Miller joined Boston Market’s predecessor, Boston Chicken, in 1994, just after it went public. The subsequent years were challenging, with a Chapter 11 bankruptcy filing (the result of debt caused by rapid growth), two sales, and a recession. However, in May of 2010, with the economy recovering, Boston Market began to identify the changes that would need to be made in order for the chain to resonate with guests, such that when Michel joined later that year, it was full steam ahead.
Miller has contributed in large part to this effort. “He’s an exceptional general counsel, but he works hard to find a balance between protecting the company’s legal interest and enhancing the guest experience to grow revenue,” says Michael Gray, an attorney with law firm Jones Day, who has worked with Miller a great deal on complex employment work.
The way in which Miller has found creative ways to provide a better guest experience is unusual for a general counsel, Gray says. “Boston Market has been very nimble, listening to the guest experience, then tailoring changes around it,” he says.
As an example, Gray points to the company’s goal of providing fresh-cooked food. “There’s a great deal of strategy involved, and if you get that wrong, you either have tremendous waste or people don’t have food,” he says. “You can’t just throw a rotisserie chicken in the microwave.”
In addition to enhancing the customer experience, Boston Market is committed to providing more nutritious options for its guests. In recognition of this, the company is a member of the National Restaurant Association’s Healthy Dining “Kids Live Well” program, which selects restaurants that provide healthier options to children. More than 100 meal combinations are available at fewer than 550 calories, and Boston Market provides many options for those who are gluten intolerant, including its signature rotisserie chicken, turkey, and a variety of sides. The company also made the decision to remove saltshakers from tables and committed to reducing sodium in its foods by 15 percent.
After two years of positive sales growth, the company began looking to expand. In September of 2013, Boston Market opened its first restaurant in seven years in Hialeah, Florida. Part of Miami-Dade County, this area, alongside New York City, is the best-performing market for the chain.

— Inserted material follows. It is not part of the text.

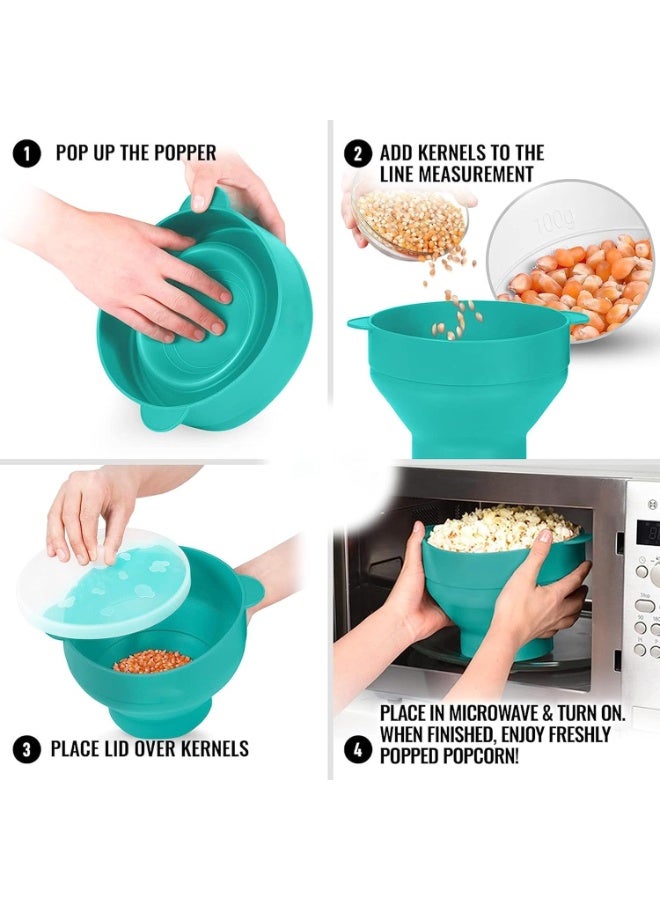 KIIUMI Silicone Microwave Popcorn Bowl Popper with Lid for Home Makers Handles Collapsible Bowl - Image 3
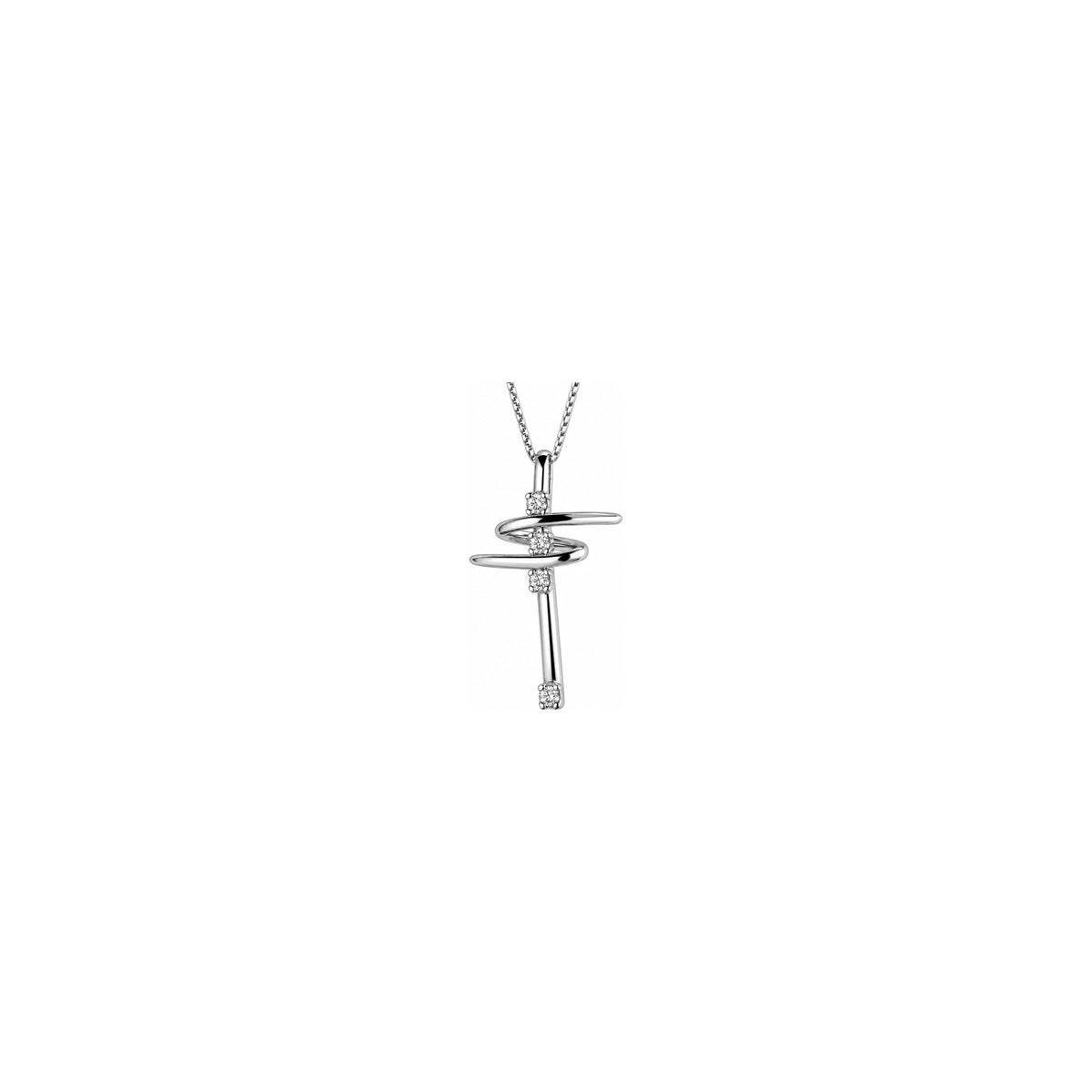 Cruz Mujer Estilizada con Diamantes Naturales Oro Blanco 18kt AuriA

The company is also looking to expand into nontraditional venues, such as airports, universities, and food courts in large regional shopping malls. “You see a lot of fried foods in those locations, particularly food courts, but if you want something healthy, your only option is often a salad,” Miller says. “We think we have a unique product offering in that you can get great, wholesome food quickly.”

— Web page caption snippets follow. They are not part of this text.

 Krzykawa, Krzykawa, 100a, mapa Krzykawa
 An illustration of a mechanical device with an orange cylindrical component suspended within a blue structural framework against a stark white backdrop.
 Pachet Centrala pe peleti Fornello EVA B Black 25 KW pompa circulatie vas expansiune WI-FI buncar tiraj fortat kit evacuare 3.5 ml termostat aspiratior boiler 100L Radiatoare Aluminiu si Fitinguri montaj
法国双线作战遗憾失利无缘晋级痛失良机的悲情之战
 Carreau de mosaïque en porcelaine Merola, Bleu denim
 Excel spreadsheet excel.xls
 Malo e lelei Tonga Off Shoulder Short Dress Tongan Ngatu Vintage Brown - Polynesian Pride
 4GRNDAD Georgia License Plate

Boston Market has also signed an agreement with the Army and Air Force Exchange Service to potentially put Boston Market in military installations around the world. “We’re very excited about the opportunities to take our brand to the men and women who serve our country, and we’ll have a long productive relationship with the Exchange Service,” Miller says.
“That enthusiasm is totally in character for Miller,” adds Gray. “Randy feels tremendous loyalty to the team at Boston Market, from the people at the top to the people behind the counter, and is doing everything he can to preserve it.”